The didactic goal is indefinitely complex. Museums use displays and documents, film clips and computer screens, earphones and loudspeakers and ever more modes of communication to cram masses of information and impressions into the heads of their patrons.
Alert visitors -- moving this way and that, looking and listening here and there -- take in a lot. With luck, they will remember a goodly fraction of what they have experienced, and with even more luck, they will later reflect on what they have found out.
When all the stars are properly aligned, then, the absorbed stream of information may lead to retrospective contemplation. But a monument like Mr. Eisenman's has the power to do that on the spot. Inducement to reflection and meditation is focused, monolithic, immediate. By pressing different buttons from those multifaceted didactic ones, a thoughtful monument evokes thought, then and there.

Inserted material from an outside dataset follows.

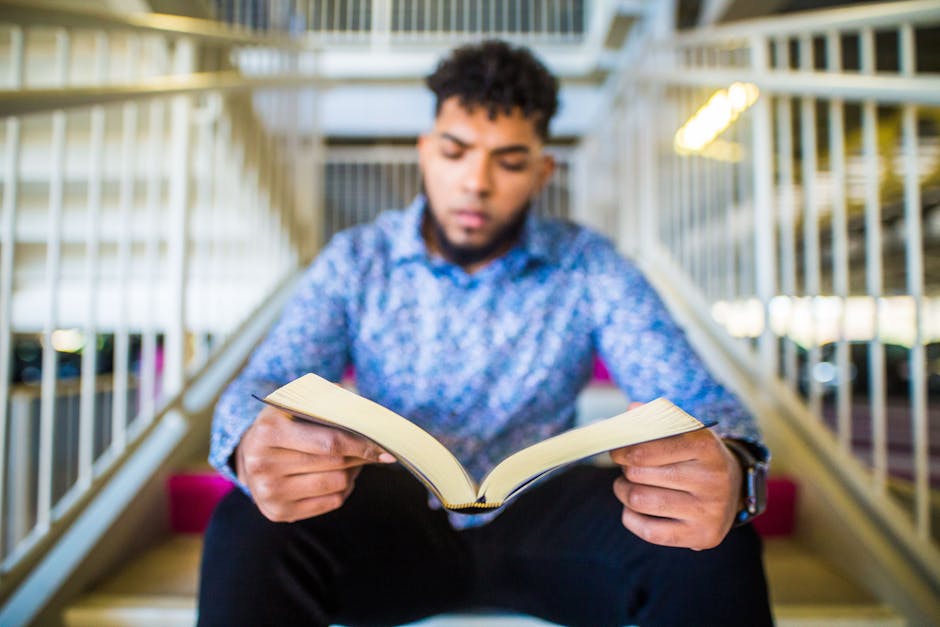 Focused young man reading a book on a staircase indoors, creating a study or learning vibe.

That, finally, brings me to our own practices in the United States. To a degree, Washington's Holocaust Memorial Museum serves both the didactic and the memorial function, though in the latter role not as successfully as Israel's Yad Vashem.
But if we leave aside these major establishments of world capitals, accounts about the United States are not encouraging. The Israel Science and Technology Homepage reports that to this date, we have created 23 Holocaust museums, not counting our little one in Pittsburgh that didn't make it onto the list. If you put aside actual Shoah sites, such as Dachau, Bergen-Belsen and Auschwitz, that is more than in all of the rest of the world together.
By way of contrast, the same source of information show there to be 24 Jewish museums in our land, while there are 57 in the rest of the world, not counting numerous museums in Israel.
Ours is the wrong ratio, a wrong view of history, the wrong way to present the contributions of the Jewish people to the world's history and the wrong way to commemorate the Shoah. We must hold on to an inclusive meaning of Never Forget. Forget not what they did, but remember, too, who they were to whom they did it. Let's stop building Holocaust museums and create Jewish museums instead.